Q: Why do you feel it's important for students to see themselves reflected in the texts they read at school?

JHOANNA: Well, let me give you an example. This past week, I was discussing with sophomores the opening of Aristotle and Dante Discover the Secrets of the Universe by the Chicano author Benjamin Saenz, which alludes to The Lone Ranger tv show. In the 1950s, ten-year-old boys of every skin color watched that show, its image of the Lone Ranger meant to empower them to be heros. But the text got us to wonder: how would the Mexican-American main character, Ari, have felt as a boy watching 1980s reruns of the Lone Ranger? He might have wanted to identify with the Lone Ranger, but he might have felt a personal discomfort about Tonto, the hero's "faithful Indian companion," a human being with his skin color and Native origin, kept in a subordinate position. Aristotle and Dante places two Mexican-American boys at the center of the story, and that works against the way that white-centered narratives (blatantly or not) perpetuate a sense of BIPOC inferiority.

Q: How do you view the role of core classes and the changes that might happen as compared to the role of new elective courses?

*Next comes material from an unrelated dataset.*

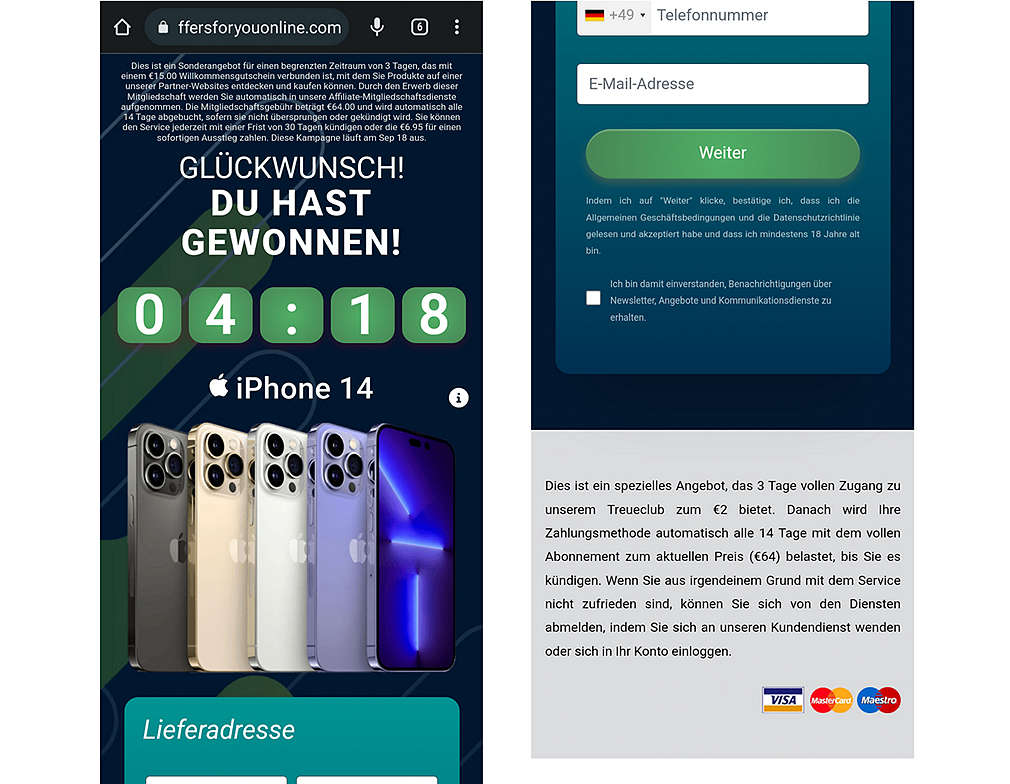 Beispiele für Fake-Gewinnspiele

JHOANNA: In the past, our seminars have tended to be more inclusive, in terms of text selections, than our 9th and 10th grade curriculum. While English is core/required across four years, we have come to realize that all students should receive an introduction to literature that is de-centered. We have for many years taught diverse texts in the upper level (juniors and seniors could elect to take courses such as The Harlem Renaissance, Hyphen: Asian-American Literature, Up from Slavery, or Transformers (a course on gender, sexuality, and intersectionality). But we want all students to have exposure and access to these topics and voices in their first two years.